The DNR plans to collect walleyes with an electro-fishing boat beginning as early as the week of March 24 and concluding by April 15. Eight days of fish collections are planned during this period. The actual date when collections will begin depends on water temperatures and the presence of ripe fish. This schedule can change on a daily basis for many reasons, but it is anticipated most work will be completed during the last week of March through the second week of April.
Sampling using electro-fishing usually begins each day at Croton Dam at about 8:30 a.m. and proceeds downstream to the Pine Street access site. If more eggs are needed, additional collections may occur downstream to the Thornapple Street access site.
Egg collection and fertilizing is conducted at the Pine Street access site, about 2 miles downstream of Croton Dam. This process generally begins between 10:30 and 11:30 a.m. The public is welcome to observe how the eggs are removed from the fish and fertilized before they are packed and shipped to Wolf Lake and Platte River state fish hatcheries.
Anglers who wish to avoid the walleye collection activities should fish downstream of the areas of the river previously noted. The DNR asks anglers to exhibit caution when fishing near the electro-fishing boats. Wading anglers will be asked to exit the water when the boat approaches to ensure anglers' safety during the electro-fishing work. The DNR appreciates angler cooperation during this critical egg take operation.
Learn more about fisheries management and fishing opportunities at the DNR website www.michigan.gov/fishing.


----------



## Randle (Nov 6, 2000)

Thanks for the information! Monday is March 31st though. Will it be starting Monday or Tuesday April 1st?


----------



## wilsonm (Dec 28, 2010)

Monday March 31st. 

Thanks


----------



## rickasha (Jan 22, 2011)

R they still collecting eggs?


----------



## wilsonm (Dec 28, 2010)

We checked the river today. Not many walleye in the river yet. There was decent numbers of steelhead, but not many fresh fish. Water temp was 36 this morning and the gates were spilling water. I will update when we decide which day to check again.


----------



## wilsonm (Dec 28, 2010)

We will be starting the walleye egg take Monday March 7th. Tentative plans are to continue the egg take the 8th and 9th and go from there. I will give an update Monday evening.


----------



## rickasha (Jan 22, 2011)

Thanks for the up date. Me and a buddy went today anyway to check out the dam, didn't get to see your post till we were 1/2 way there,hehehe o well. Hope to see them next week.


----------



## riverbob (Jan 11, 2011)

wilsonm said:


> We will be starting the walleye egg take Monday March 7th. Tentative plans are to continue the egg take the 8th and 9th and go from there. I will give an update Monday evening.

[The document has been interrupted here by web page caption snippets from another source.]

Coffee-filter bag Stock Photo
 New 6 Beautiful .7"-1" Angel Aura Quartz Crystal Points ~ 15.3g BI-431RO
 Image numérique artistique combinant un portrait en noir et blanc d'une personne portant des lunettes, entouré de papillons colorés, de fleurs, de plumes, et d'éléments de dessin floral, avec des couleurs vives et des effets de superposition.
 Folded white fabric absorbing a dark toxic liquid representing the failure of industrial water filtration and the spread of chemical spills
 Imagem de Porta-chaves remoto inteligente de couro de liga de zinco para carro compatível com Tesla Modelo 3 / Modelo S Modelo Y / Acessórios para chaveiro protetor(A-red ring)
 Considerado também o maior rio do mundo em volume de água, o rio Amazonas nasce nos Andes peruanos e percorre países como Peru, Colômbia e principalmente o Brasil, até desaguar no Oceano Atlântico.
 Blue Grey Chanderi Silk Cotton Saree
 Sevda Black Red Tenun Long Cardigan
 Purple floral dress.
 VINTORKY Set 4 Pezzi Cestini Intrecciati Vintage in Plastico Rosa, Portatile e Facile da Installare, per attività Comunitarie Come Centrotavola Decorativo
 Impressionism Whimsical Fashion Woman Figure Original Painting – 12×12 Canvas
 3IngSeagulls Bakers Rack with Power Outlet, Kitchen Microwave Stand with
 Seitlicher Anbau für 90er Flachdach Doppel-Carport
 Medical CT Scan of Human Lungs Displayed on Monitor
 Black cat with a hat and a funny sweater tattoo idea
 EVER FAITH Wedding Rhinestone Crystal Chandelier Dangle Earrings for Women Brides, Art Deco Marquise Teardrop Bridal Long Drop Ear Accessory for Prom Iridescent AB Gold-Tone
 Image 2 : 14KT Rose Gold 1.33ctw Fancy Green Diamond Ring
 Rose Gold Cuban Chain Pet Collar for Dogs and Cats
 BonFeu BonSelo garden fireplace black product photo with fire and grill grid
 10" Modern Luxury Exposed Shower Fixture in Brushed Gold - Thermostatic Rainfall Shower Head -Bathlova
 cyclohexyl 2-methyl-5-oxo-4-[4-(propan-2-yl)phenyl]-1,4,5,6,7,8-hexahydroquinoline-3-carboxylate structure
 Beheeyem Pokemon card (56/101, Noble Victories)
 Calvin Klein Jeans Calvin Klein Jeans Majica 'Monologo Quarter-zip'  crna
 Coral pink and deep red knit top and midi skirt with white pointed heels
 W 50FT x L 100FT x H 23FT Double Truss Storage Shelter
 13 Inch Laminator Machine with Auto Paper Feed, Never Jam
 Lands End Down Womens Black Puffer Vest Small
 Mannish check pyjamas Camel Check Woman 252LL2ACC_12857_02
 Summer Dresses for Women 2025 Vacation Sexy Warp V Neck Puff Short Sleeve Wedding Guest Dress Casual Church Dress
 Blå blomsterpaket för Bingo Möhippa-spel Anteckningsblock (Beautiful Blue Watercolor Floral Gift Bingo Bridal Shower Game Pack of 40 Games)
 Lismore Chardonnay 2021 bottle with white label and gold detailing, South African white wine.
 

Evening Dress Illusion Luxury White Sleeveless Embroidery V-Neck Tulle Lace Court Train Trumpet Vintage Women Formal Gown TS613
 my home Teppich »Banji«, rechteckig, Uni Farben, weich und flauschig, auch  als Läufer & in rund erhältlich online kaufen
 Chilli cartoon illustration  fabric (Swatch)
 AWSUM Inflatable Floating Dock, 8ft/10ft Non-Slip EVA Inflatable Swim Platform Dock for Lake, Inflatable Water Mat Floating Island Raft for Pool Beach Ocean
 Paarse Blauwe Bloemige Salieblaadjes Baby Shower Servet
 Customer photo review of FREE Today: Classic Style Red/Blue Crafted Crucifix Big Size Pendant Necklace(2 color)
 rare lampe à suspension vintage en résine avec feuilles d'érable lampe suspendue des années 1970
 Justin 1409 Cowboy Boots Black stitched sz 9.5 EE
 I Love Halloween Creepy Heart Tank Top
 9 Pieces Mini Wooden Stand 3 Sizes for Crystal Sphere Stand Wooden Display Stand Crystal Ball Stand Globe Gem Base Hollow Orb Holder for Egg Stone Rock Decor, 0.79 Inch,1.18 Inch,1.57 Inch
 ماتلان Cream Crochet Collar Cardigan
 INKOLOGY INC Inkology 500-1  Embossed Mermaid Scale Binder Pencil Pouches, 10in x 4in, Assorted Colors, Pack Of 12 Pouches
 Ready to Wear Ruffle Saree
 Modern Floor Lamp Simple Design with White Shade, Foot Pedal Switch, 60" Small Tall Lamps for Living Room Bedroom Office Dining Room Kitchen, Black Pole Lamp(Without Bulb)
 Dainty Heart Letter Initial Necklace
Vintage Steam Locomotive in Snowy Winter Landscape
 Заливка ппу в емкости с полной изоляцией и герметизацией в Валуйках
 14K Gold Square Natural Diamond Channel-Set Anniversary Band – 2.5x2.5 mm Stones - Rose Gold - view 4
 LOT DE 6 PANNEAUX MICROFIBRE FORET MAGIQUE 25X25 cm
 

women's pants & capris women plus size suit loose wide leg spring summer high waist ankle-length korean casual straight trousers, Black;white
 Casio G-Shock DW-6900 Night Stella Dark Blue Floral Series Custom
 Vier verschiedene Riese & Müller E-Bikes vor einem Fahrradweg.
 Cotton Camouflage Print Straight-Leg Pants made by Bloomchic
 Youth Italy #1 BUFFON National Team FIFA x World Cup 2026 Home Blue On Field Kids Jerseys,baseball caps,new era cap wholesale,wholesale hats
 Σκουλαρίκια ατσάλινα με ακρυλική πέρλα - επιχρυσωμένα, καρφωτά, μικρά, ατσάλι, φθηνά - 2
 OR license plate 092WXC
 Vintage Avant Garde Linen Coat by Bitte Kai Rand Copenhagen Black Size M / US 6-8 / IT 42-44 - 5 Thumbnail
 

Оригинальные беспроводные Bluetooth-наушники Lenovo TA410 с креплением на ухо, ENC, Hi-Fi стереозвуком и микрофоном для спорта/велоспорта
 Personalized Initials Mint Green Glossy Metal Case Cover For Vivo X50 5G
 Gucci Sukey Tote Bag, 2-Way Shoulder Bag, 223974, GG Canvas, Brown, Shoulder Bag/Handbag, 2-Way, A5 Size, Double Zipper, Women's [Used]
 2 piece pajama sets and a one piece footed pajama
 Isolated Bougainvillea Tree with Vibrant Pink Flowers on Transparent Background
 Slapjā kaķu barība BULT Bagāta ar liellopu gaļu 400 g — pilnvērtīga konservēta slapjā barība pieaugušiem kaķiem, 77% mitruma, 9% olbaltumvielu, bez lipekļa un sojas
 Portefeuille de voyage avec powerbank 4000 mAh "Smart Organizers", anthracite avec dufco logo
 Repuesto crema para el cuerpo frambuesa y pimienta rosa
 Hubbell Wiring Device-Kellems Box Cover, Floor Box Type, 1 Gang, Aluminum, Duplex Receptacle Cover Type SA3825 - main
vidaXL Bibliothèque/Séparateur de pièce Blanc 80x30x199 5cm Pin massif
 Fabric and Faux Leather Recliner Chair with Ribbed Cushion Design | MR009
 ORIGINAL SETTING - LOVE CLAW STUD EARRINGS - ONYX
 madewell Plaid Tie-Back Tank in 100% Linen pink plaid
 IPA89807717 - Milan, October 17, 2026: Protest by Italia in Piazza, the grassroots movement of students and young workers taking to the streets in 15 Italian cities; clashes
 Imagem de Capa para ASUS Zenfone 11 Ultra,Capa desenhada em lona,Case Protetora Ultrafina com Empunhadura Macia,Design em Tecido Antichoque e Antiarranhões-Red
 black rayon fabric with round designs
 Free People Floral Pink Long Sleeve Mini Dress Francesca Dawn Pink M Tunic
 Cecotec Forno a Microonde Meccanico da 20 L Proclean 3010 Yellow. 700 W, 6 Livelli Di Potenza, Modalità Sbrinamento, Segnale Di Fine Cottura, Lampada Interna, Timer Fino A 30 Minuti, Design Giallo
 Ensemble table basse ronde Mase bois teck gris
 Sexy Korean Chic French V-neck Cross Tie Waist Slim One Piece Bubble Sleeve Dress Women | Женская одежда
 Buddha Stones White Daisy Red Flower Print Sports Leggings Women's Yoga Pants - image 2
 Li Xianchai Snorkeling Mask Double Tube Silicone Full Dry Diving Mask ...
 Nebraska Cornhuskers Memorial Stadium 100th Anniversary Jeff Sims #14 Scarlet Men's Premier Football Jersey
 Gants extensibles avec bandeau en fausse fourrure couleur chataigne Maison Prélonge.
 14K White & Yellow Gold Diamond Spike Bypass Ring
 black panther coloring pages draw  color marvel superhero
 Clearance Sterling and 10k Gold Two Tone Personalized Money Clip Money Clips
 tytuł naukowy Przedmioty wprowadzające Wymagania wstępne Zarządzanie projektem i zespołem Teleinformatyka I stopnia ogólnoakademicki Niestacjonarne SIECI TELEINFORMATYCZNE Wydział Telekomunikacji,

 I don't think they will be ripe, by the 9th. but hell what do I know I'm just a fisherman, not a fish guy. I'm thinkin the later the spawn, the better the opener. I'll be waiting for your report. Thanks Mr. Wilsonm


----------



## wilsonm (Dec 28, 2010)

Just a reminder that the egg take will start 4/7/14. We will be on the water around 8:30am. We will have to make several runs between Croton and Pine Street each day of the egg take to cover all the water. Thanks for your cooperation.

Mike


----------



## Walleye Wizard (Feb 5, 2006)

How many ripe fish wilsonm? Seems a little cold yet. Please update if you took eggs today.


----------



## wilsonm (Dec 28, 2010)

We spawned 75 pairs of walleye today. About 75% of the females were green so it looked like we hit the beginning of the run which is what we aim for. Temperature peaked at 35.5 today on the USGS site so the water is still quite cold. Photoperiod also plays a role in spawning time so the temperature isn't the only factor dictating spawning time. We are planning another egg take Tues 4/8 and tentatively 4/9 and 4/14. As always, the run dictates our schedule so I will update after each days egg take. Like last week, we did see a decent number of steelhead, but only a handful of fresh fish seen. Only saw one steelhead landed today as we were shocking which is unusually low during the egg take. We will probably start shocking around 9am at Croton. As usual, we try to do all our shocking between Croton and Pine Street. I will update after tomorrows egg take.

Thanks,

Mike Wilson
MDNR Plainwell Fisheries


----------



## abstract_72 (May 27, 2007)

How do you think this effects fishing below Pine on a day like tomorrow? Does this have any impact downstream?


----------



## wilsonm (Dec 28, 2010)

Our shocking won't have any effect below Pine Street. Above Pine street, there is always some effect as it takes the fish caught in the electrical field a while to recover. The boats electrical field is about 15 ft wide so even with many passes, there are a lot of fish that never get stunned in the electrical field. In years past, if the steelhead are active, people still catch fish even as we shock. I think it was 2 years ago that one day we saw about 15 to 20 steelhead landed while shocking. We try to work around boats and shore anglers, but eventually we have to shock along both riverbanks all the way down to Pine Street.


----------



## abstract_72 (May 27, 2007)

Ah ok. I was deciding where/if to try tomorrow. Thanks!


----------



## A.M. General (May 3, 2001)

You guys did a good job today. It was a nice morning to take the kids out and watch the show. Good conversations and an enjoyable time. Huge fish, I was impressed! Keep up the good work!


----------



## wilsonm (Dec 28, 2010)

The egg take continued today, but we only spawned 55 pair. We were hoping for 80 pair today, but ripe females were a little hard to come by. We will continue the egg take tomorrow 4/9 and tentatively 4/10 and 4/14. We will try to start shocking below Croton by 9am. A minor mechanical issue set us back an hour this morning. We have to try to get our quota by 2pm each day because the water hardening process of the eggs, travel back to the hatchery, and the jarring and enumerating the eggs takes over 6 hours. This is why we usually run up river on plane. One guy took issue with us this morning. If we idled past everybody every time we ran upstream, it would be hard to make our egg quotas like what happened today. Thanks to all the other guides and others fishing out there for your kind words and understanding and to all those who watched the egg take process at the Pine Street access.

Mike


----------



## Walleye Wizard (Feb 5, 2006)

Mr Wisonm, do you think the walleye will still be in there when the season opens back up or do you think the majority will have left?


----------



## wilsonm (Dec 28, 2010)

Walleye Wizard said:


> Mr Wisonm, do you think the walleye will still be in there when the season opens back up or do you think the majority will have left?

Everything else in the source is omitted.